On Mon, Apr 03, 2017 at 02:18:44PM -0400, Jeff Layton wrote:
> On Mon, 2017-04-03 at 11:09 -0700, Jeremy Allison wrote:
> > On Mon, Apr 03, 2017 at 01:47:37PM -0400, Jeff Layton wrote:
> > > On Mon, 2017-04-03 at 07:32 -0700, Matthew Wilcox wrote:
> > > > On Mon, Apr 03, 2017 at 06:28:38AM -0400, Jeff Layton wrote:
> > > > > On Mon, 2017-04-03 at 14:25 +1000, NeilBrown wrote:
> > > > > > Also I think that EIO should always over-ride ENOSPC as the possible
> > > > > > responses are different.  That probably means you need a separate seq
> > > > > > number for each, which isn't ideal.
> > > > > > 
> > > > > 
> > > > > I'm not quite convinced that it's really useful to do anything but
> > > > > report the latest error.
> > > > > 
> > > > > But...if we did need to prefer one over another, could we get away with
> > > > > always reporting -EIO once that error occurs?
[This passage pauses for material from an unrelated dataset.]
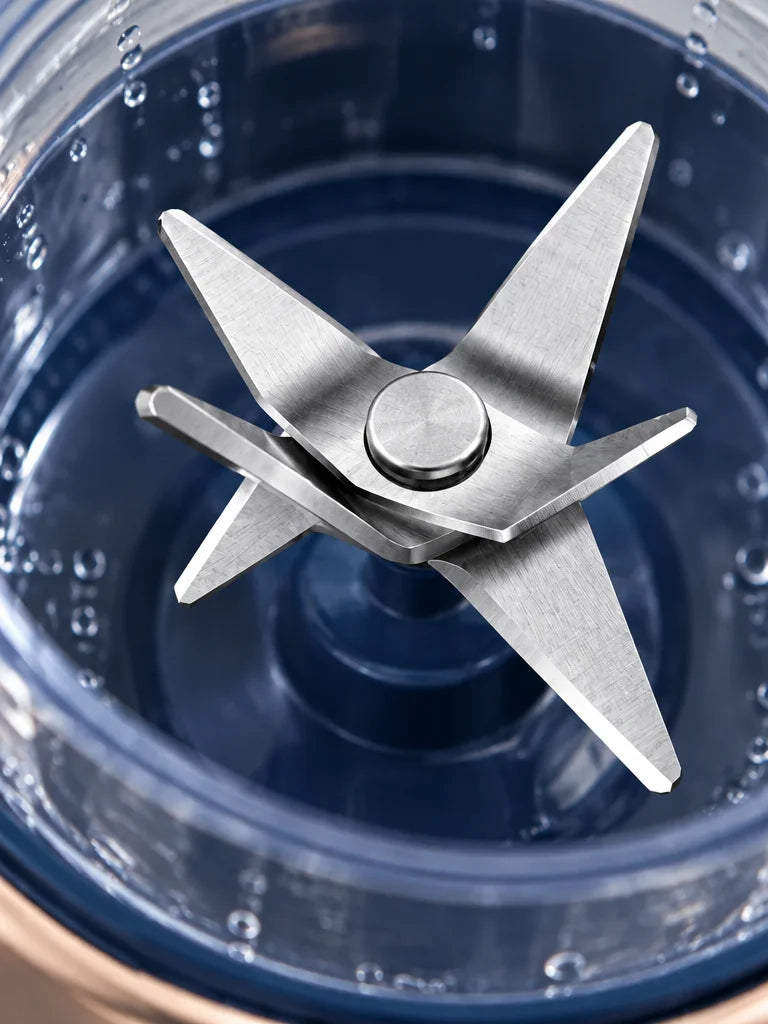 An extreme close photograph of the exact six-blade metal assembly inside the clear BlendGo Mini vess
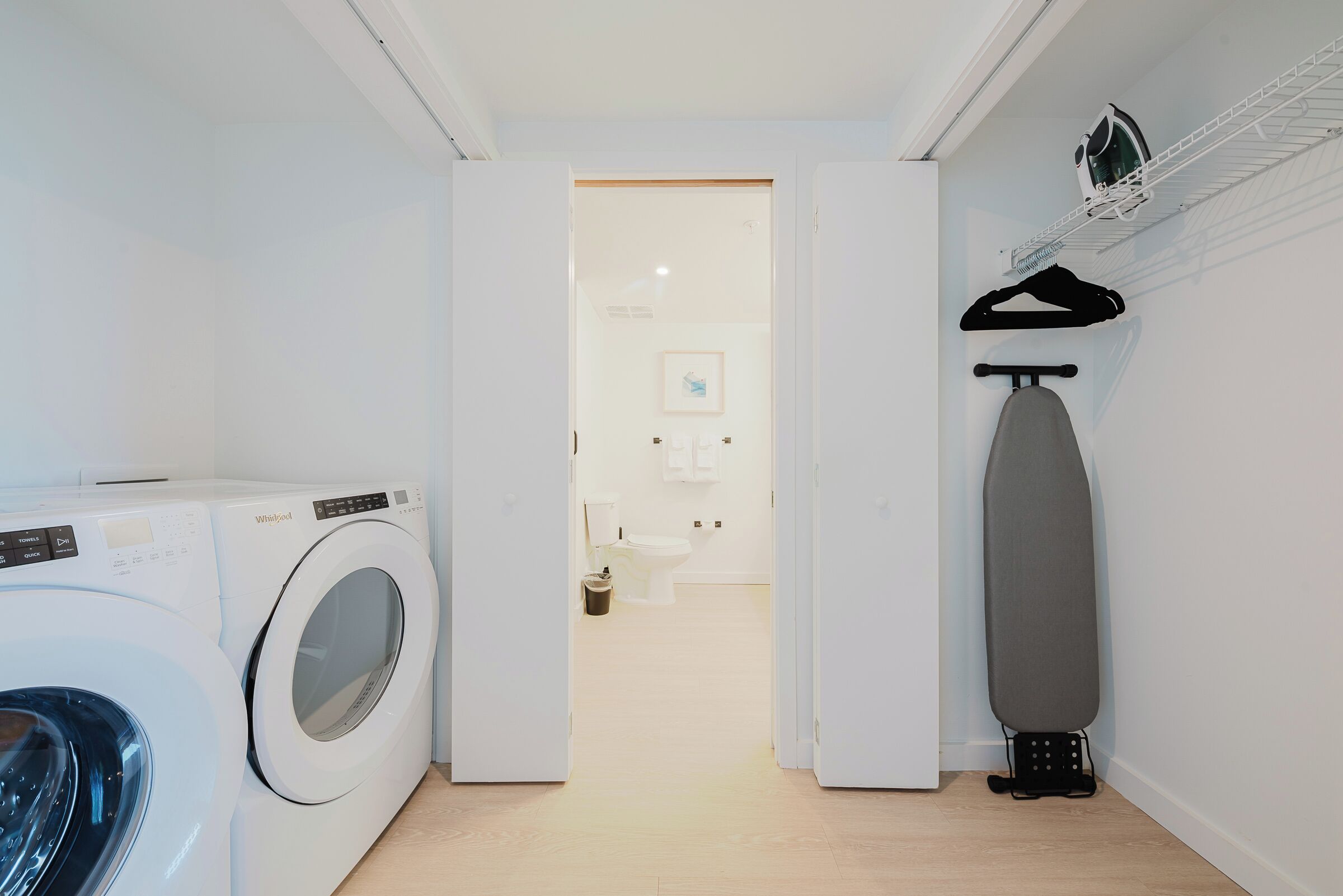 A laundry area with a front-loading washer and dryer, an ironing board, and a hanging rack.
If so, then we'd still
> > > > > just need a single sequence counter.
> > > > 
> > > > I wonder whether it's even worth supporting both EIO and ENOSPC for a
> > > > writeback problem.  If I understand correctly, at the time of write(),
> > > > filesystems check to see if they have enough blocks to satisfy the
> > > > request, so ENOSPC only comes up in the writeback context for thinly
> > > > provisioned devices.
> > > > 
> > > > Programs have basically no use for the distinction.  In either case,
> > > > the situation is the same.  The written data is safely in RAM and cannot
> > > > be written to the storage.  If one were to make superhuman efforts,
> > > > one could mmap the file and write() it to a different device, but that
> > > > is incredibly rare.  For most programs, the response is to just die and
> > > > let the human deal with the corrupted file.
> > > > 
> > > > From a sysadmin point of view, of course the situation is different,
> > > > and the remedy is different, but they should be getting that information
> > > > through a different mechanism than monitoring the errno from every
> > > > system call.
> > > > 
> > > > If we do want to continue to support both EIO and ENOSPC from writeback,
> > > > then let's have EIO override ENOSPC as an error.  ie if an ENOSPC comes
> > > > in after an EIO is set, it only bumps the counter and applications will
> > > > see EIO, not ENOSPC on fresh calls to fsync().
> > > 
> > > 
> > > No, ENOSPC on writeback can certainly happen with network filesystems.
> > > NFS and CIFS have no way to reserve space. You wouldn't want to have to
> > > do an extra RPC on every buffered write. :)
> > 
> > CIFS has a way to reserve space. Look into "allocation size" on create.
> 
> That won't help here as it's done on open().
> 
> The problem here is that we might create a file (and not preallocate
> anything), then write a bunch of stuff to the cache under an oplock.
> Then when we go to write back, we get the CIFS equivalent of -ENOSPC.
> 
> What local filesystems do (AIUI) is preallocate so that you can catch
> an ENOSPC condition earlier, when you're dirtying new pages in the
> cache. That's pretty much impossible to do on a network filesystem
> though.

There's also SMB_SET_FILE_ALLOCATION_INFO which can be
done over SMB1/2/3 on an open file handle.